Irish-bred Hong Kong racehorse

Xtension (軍事攻略; foaled 2 February 2007) is a Hong Kong–based retired racehorse and breeding stallion. He was one of the nominees of 2010-2011 Hong Kong Horse of the Year. He raced for two seasons in the United Kingdom before moving to Hong Kong, racing for four seasons with back to back wins in the Champions Mile and 9 places out of 25 starts.

The back to back Group 1 victories are notable as his only two wins in Hong Kong, beating horses such as Able One, Good Ba Ba, and Ambitious Dragon. His highest ranking on the Longines World's Best Racehorse Rankings was 31st worldwide, with a rating of 120.
He retired to stud at Rathbarry Stud.

==Background==
Xtension is a brown horse with a star and stripe bred in Ireland by Paul McCartan.

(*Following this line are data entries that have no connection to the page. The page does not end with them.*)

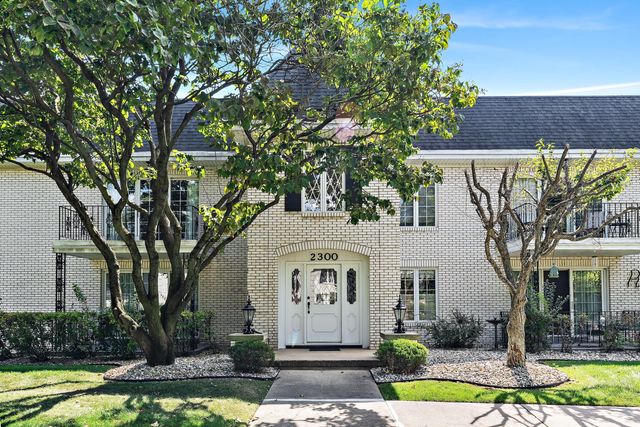 2300 Bordeaux Walk A2, Highland, IN 46322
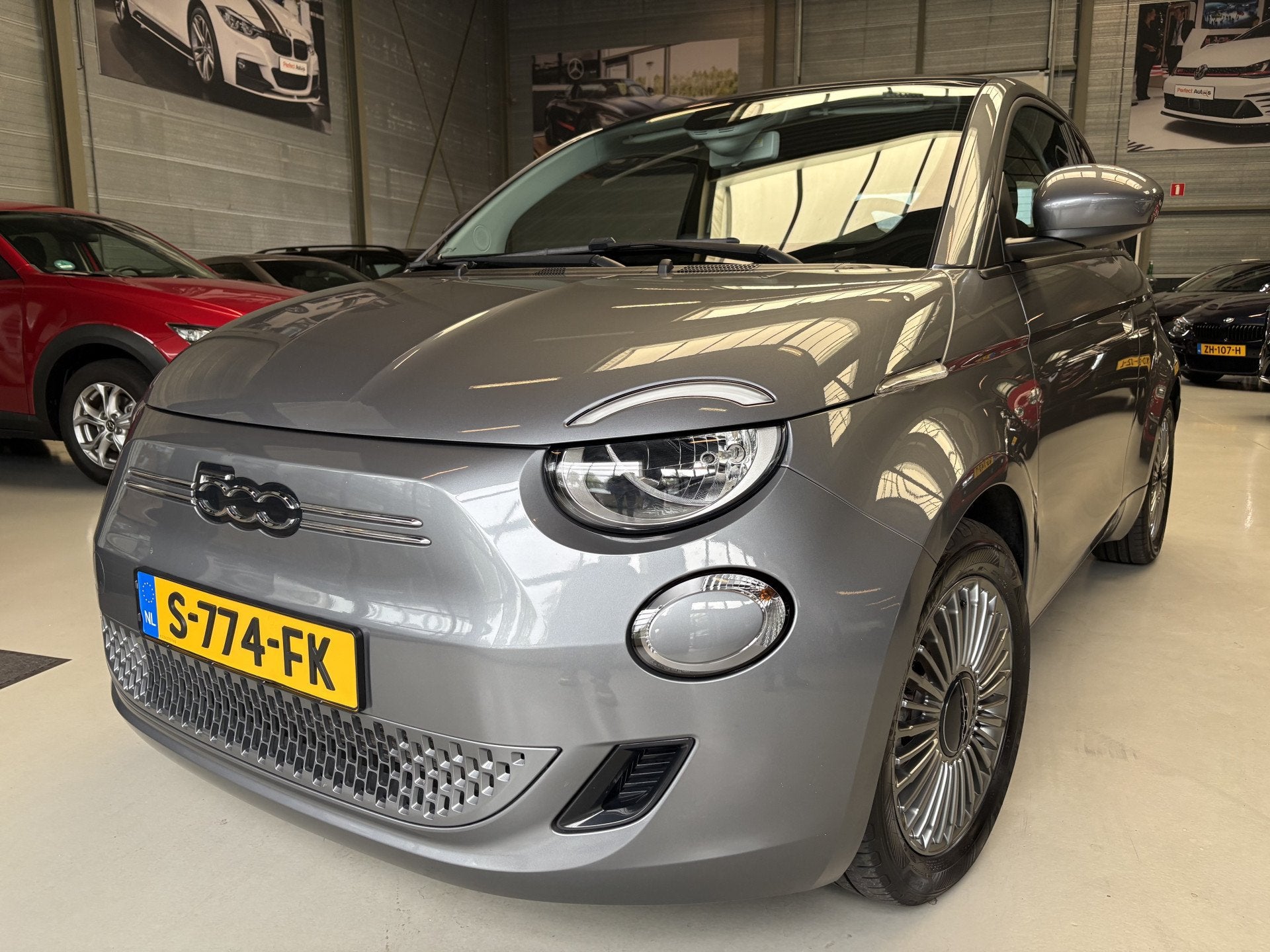 Fiat 500C Icon 42 kWh Cruise, Cabrio, Carplay (bj 2022), Auto's, Dealer onderhouden, Stof, 118 pk, 4 stoelen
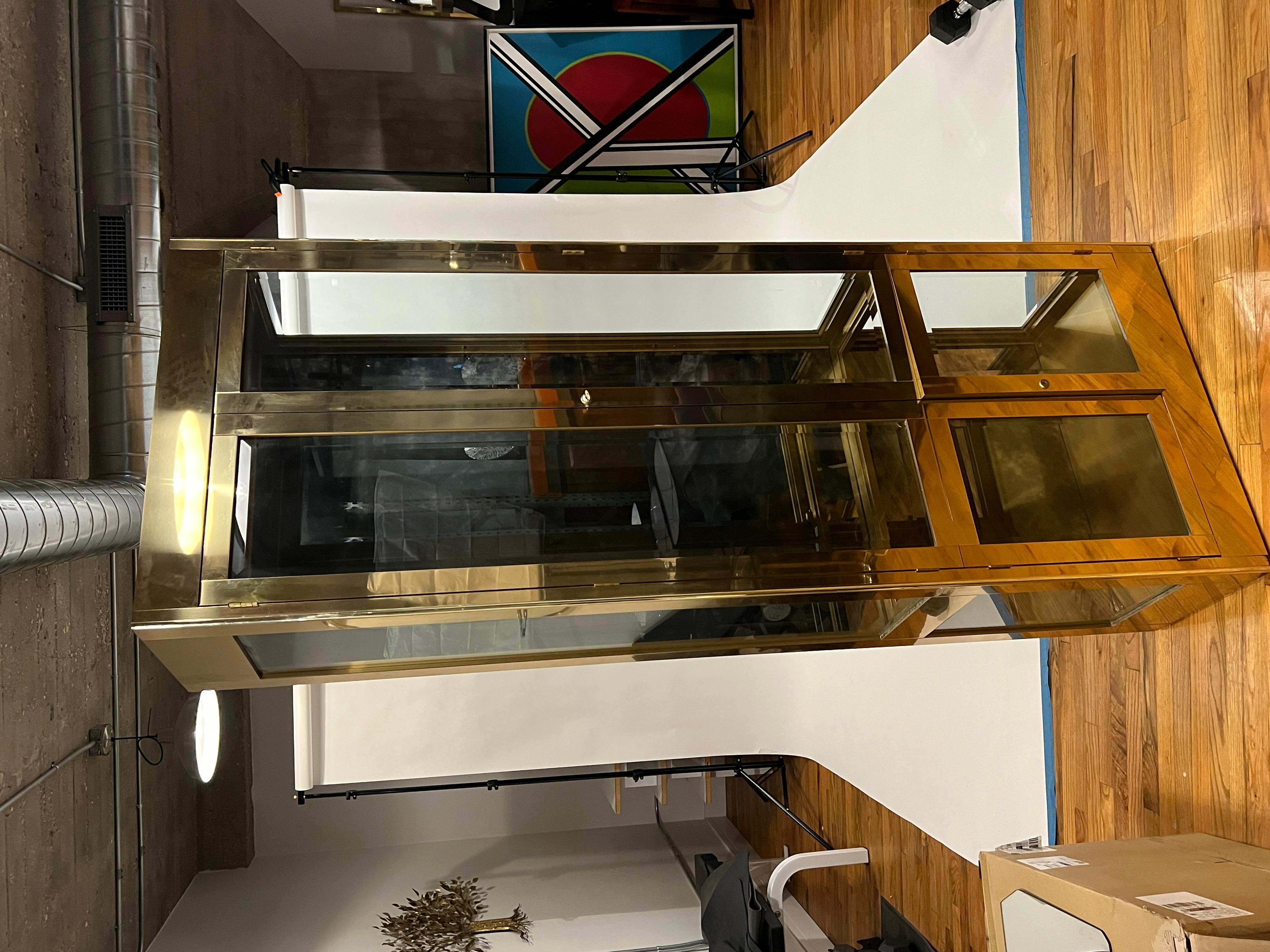 Pair of Mastercraft Vitrine Display Cabinets or Etageres For Sale 7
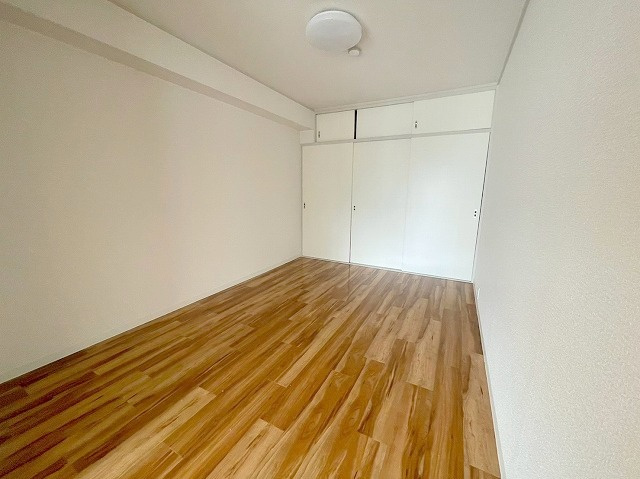 サンフラッツ新大阪本館の寝室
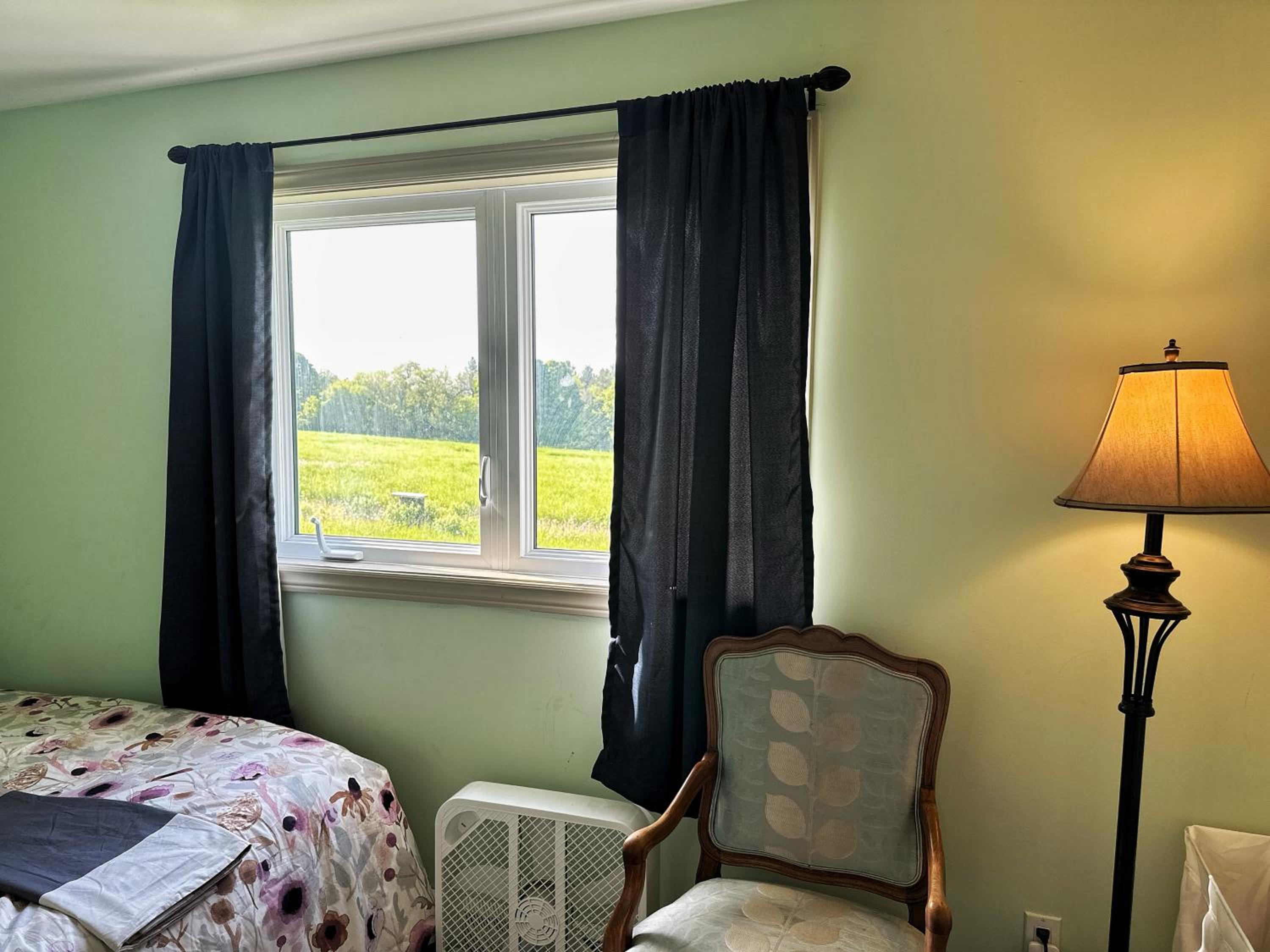 Entire Farmhouse 1 Hr from Toronto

He was sired by the British stallion Xaar, named European Champion Two-Year-Old Colt in 1997 and the sire of Balthazaar's Gift and The Cheka. Xtension is his highest earning and highest rated progeny. He is out of the Grand Lodge mare Great Joy, dam of four winners from eight foals to race. Xtension is also her highest earning and highest rated progeny.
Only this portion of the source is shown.